Wednesday, August 7, 2013

Perpetual Anticipation

Perpetual anticipation
Is good for the soul
But it's bad for 
The heart.*

This weekend I drank the bottle of fizz that my friend, Jean Ann Garrish, gave me for my birthday back in April.  I had explained to her that, in the past, I always had a bottle of champagne in my fridge so that I would be ready to celebrate but that, in recent years, I had neglected the habit.  So she gave me a bottle to remind me.  My sister and her husband drink fizz in times of trouble.  As Napoleon said "Champagne: in victory you deserve it. In defeat, you need it!"

It has been one of those weeks.  Victory and defeat.  And waiting.

It's very good for
Practicing self-control.
It's very good for
Morals, but
Bad for morale.*

Being an actor means a whole lot of waiting.  Waiting to be seen at E.P.A. (a whole different level of waiting for the non-union, as discussed in Merrily We Roll Along, and ...roll along, following dreams.); waiting for an appointment after submitting; waiting for your agent to call, waiting for a cmail (not a typo  - an actors' access reference), waiting to hear about a callback, waiting for a job offer, waiting in the wings, waiting for the next season of "Orange is the New Black" on Netflix.

This week has been a week of waiting.

Well, of course, much more than this week!  I have waited since childhood to start following my dream.  Several false starts and deciding to take the plunge in my thirties (Growing Up).

So many status updates on facebook read "I nailed my audition"  "Callback: woot, woot".  What does that even mean?  I am betting 90% of them do not book the job (not based on any scientific facts!)  Actors do not come out thinking they nailed the audition.  Or is that just me?  I ALWAYS think I could have done more, done better, done more and better.  But I do know that I did an acceptable job at this particular audition.  I did my work.  They liked me.  I rarely feel that but sometimes you just know.  And this is a role I want to play.  A job I really wanted.  

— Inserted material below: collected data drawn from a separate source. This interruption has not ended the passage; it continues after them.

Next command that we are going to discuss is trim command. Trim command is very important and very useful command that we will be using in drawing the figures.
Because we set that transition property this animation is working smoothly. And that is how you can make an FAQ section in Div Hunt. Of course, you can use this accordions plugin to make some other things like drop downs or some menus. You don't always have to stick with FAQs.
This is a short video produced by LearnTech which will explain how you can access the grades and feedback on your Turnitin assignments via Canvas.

And so the waiting started. 

Perpetual anticipation's a
Delicate art:
Playing a role,
Aching to start,
Keeping control
While falling apart.

Perpetual anticipation
Is good for the soul
But it's bad for 
The heart.*

This is when my 'phone becomes an issue.  Did I miss a call?  Double checking. Triple checking.  Posting on Callback Corner on Audition Update.  Going on the subway and praying for a voicemail when you come back up out of the ground.  

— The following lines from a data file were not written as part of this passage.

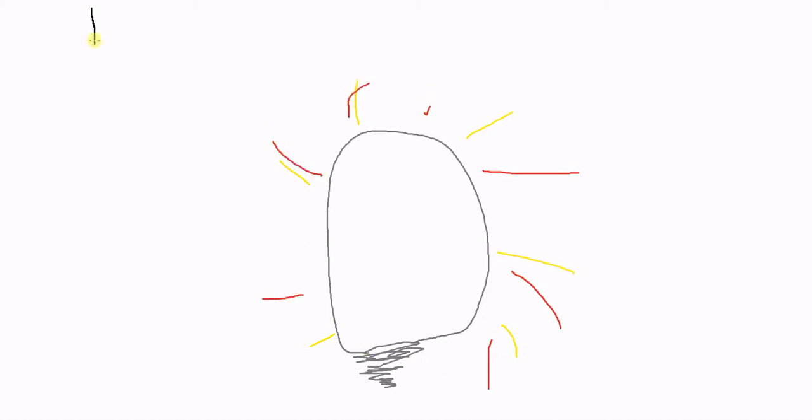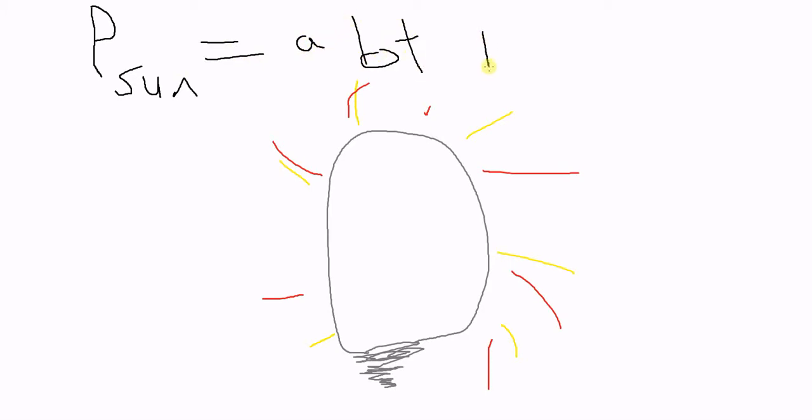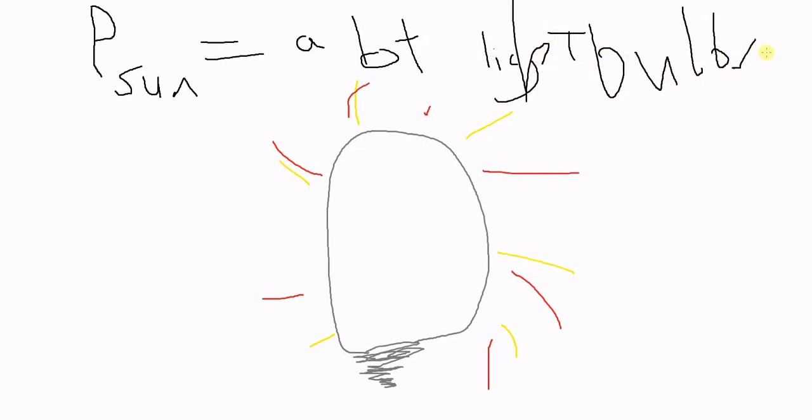...make an equation that the power of the Sun is equal to a lot of light bulbs. Basically, a lot of light bulbs. Thanks for watching that science.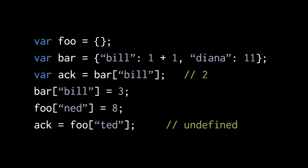In the next line, we're assigning the value 8 to the property ned of the object foo. Note, though, that foo until this point doesn't have any properties, so what we're actually doing here is creating a property in that object. Finally, in the last line, we're assigning ack the value of the property ted of the object foo, but the object doesn't have any property of that name, so this operation returns the value undefined.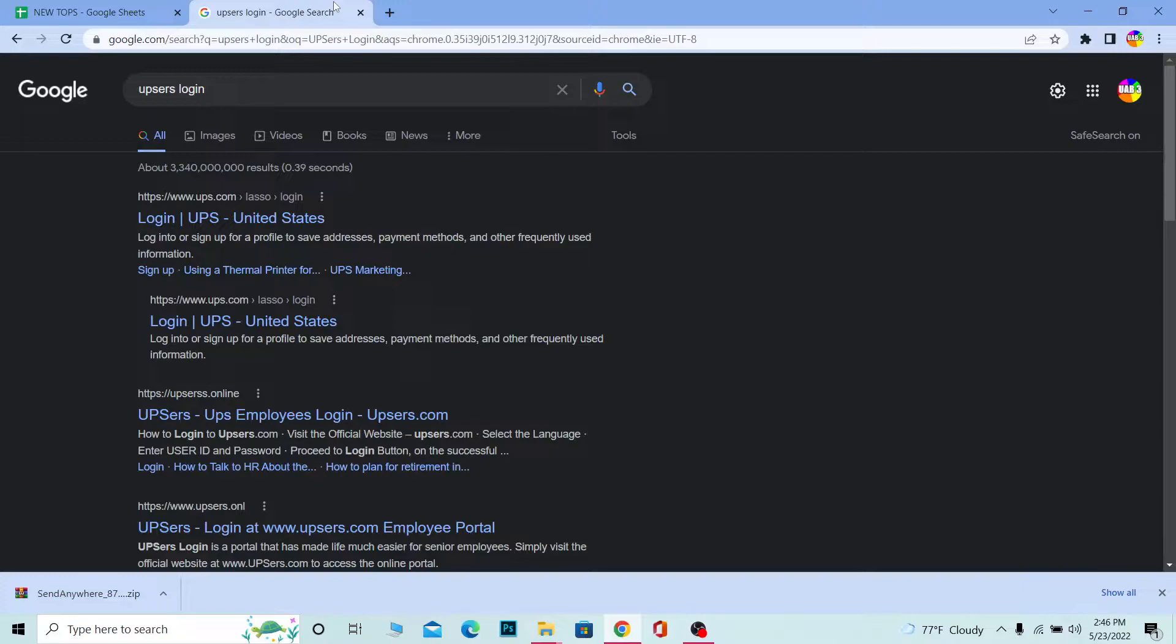UPSers means the login portal for workers of UPS. If you're staff of UPS, you want to go to upserss.online - this is going to be the official website for UPS workers. If you're a customer, you want to go to ups.com. This video is for staff of UPS.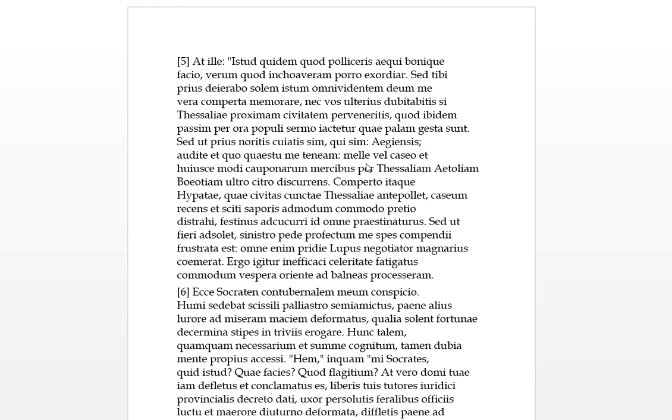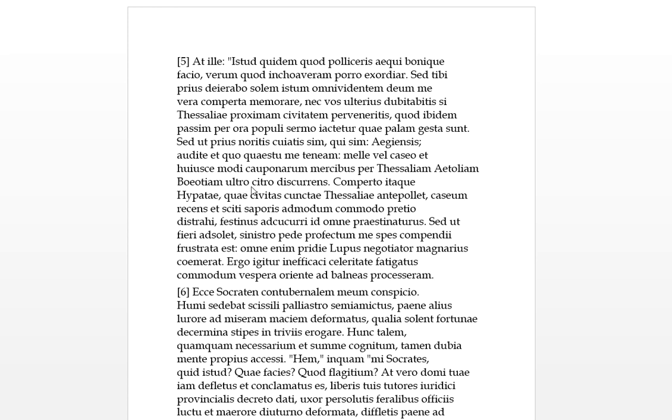'Melle vel caseo' - 'mel' can be an adverb or a preposition. When it's a preposition it means 'by honey or by cheese,' and 'his generibus' - these types of ways, with a genitive 'cauponarum mercibus' - these types of ways of an innkeeper, by selling merchandise 'per Thessaliam, Aetoliam, et Boeotiam' - when you get nouns next to each other you don't need to have 'et's, but with them adjectives you do. 'Ultra citro' - these are two adverbs meaning 'here and there.' 'Discursans,' present participle nominative - I'm making my way, running here and there through Thessaly, Aetolia, and Boeotia.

Well, after four long days, the waiting was over.  I did not book the job.  At least my waiting was put to an end.  The director was lovely enough to email me and tell me how much they liked my work. That's a rare thing. When I was called back for Mrs. Brill in Mary Poppins, the call came over two months after my first audition.  Four days is nothing.  Even if it seemed like an eternity at the time.

So, that was my defeat.  That accounted for half of the bottle of fizz. 

I have been lucky enough to be in email touch with a wonderful manager.  After several emails and attempts to find time, we finally met last week.  I knew in my gut from the emails that I liked her.  And I was right.  She's even better in person!  Thank you, Kathy Olsen and Encompass Arts!

Now, I'd better go out to Sussex Wines and buy a new bottle of champagne to keep in the fridge so I am ready for the next victory.  Ready to do some more waiting...and grateful for it all.

*Perpetual Anticipation from "A Little Night Music": Stephen Sondheim, of course.